Posted on 31 October 2008 by Basha Shaikh

Another familiar gripe - A little outstanding amount remaining on the credit card because of bank’s mistake, bank promises to waive off the amount and close the account.

But, surprise! The account has remained open, accruing interest. In a fairly new twist to this scenario, the bank now proceeds to divert payments made to credit card account to the customer’s loan account. Result? Outstanding dues in both accounts. Long term result? Credit card applications being rejected, loan applications being rejected…

The customer is not willing to pay the remaining amount because, he thinks, rightly, that he shouldn’t be left holding the baby because the bank screwed things up. And he asks, very sensibly, what are the guarantees that the bank will act towards removing his name from the defaulters’ list? (which, by the way, the bank cannot. Once your name appears on the defaulters’ list, it is there to stay for the next seven years.)

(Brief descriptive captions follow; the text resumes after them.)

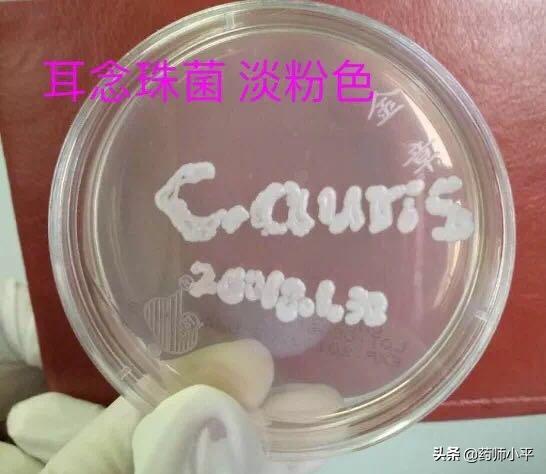 美国真菌感染死亡人数,美国超级真菌感染的症状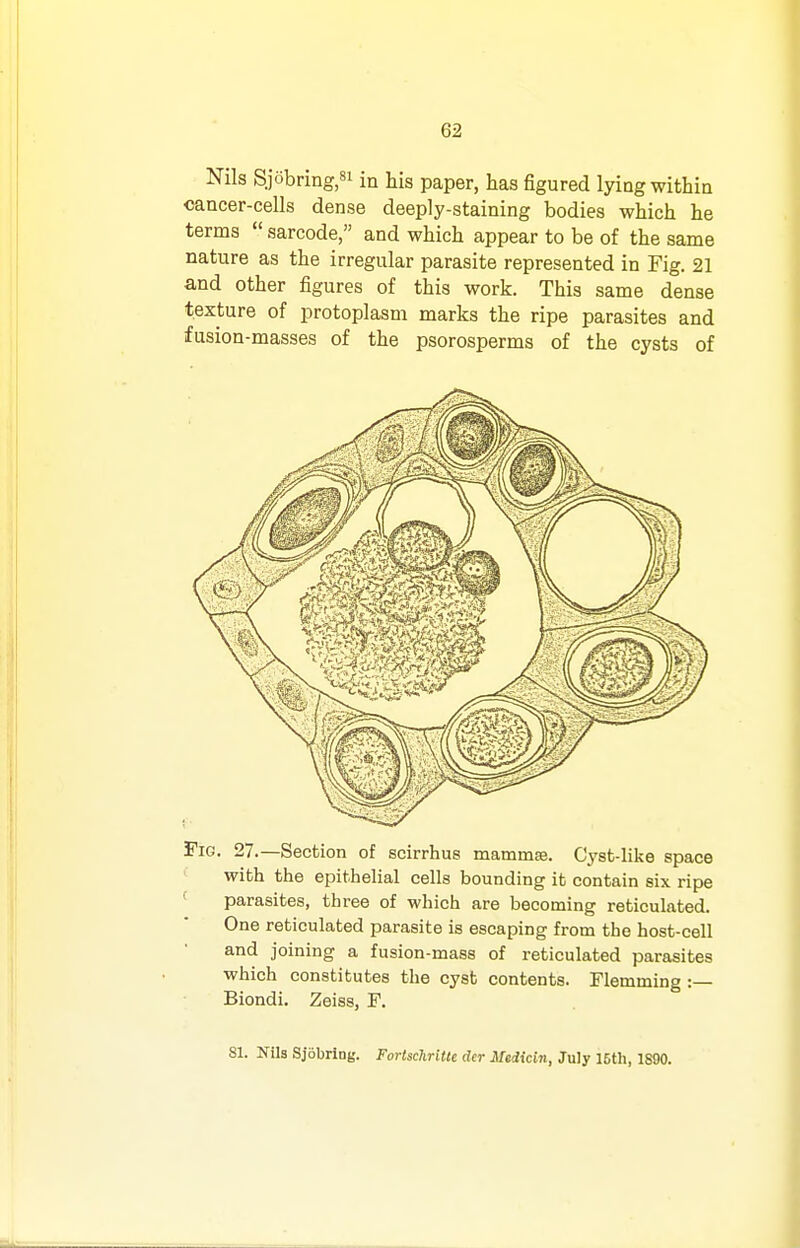 Nils Sjobriiig,8i in his paper, has figured lying within cancer-cells dense deeply-staining bodies which he terms  sarcode, and which appear to be of the same nature as the irregular parasite represented in Fig. 21 and other figures of this work. This same dense texture of protoplasm marks the ripe parasites and fusion-masses of the psorosperms of the cysts of I'iG. 27.—Section of scirrhue mammse. Cyst-like space with the epithelial cells bounding it contain six ripe ' parasites, three of which are becoming reticulated. One reticulated parasite is escaping from the host-cell and joining a fusion-mass of reticulated parasites which constitutes the cyst contents. Flemming :— Biondi. Zeiss, F. 81. Nils Sjbbrlng. Fortschritte der Medicin, July 15th, 1890.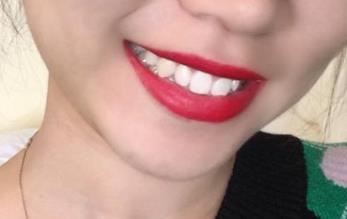 2023青島面部填充醫(yī)生前10(常書樓、白華寶、尹孝憲細(xì)數(shù)各家口碑)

The answer to all this is not calculated to have customers such as the one mentioned above burst into song. The best way to deal with this kind of blatant chicanery is to indeed pay the outstanding amount up first. The more one delays, the more it affects the credit ratings. Once this is done, one should register a complaint on the bank’s website. And if one does not receive a satisfactory response within 2-3 weeks, approach the Banking Ombudsman with your complaint. Details on how to do this are available on the site - www.bankingombudsman.rbi.org.in.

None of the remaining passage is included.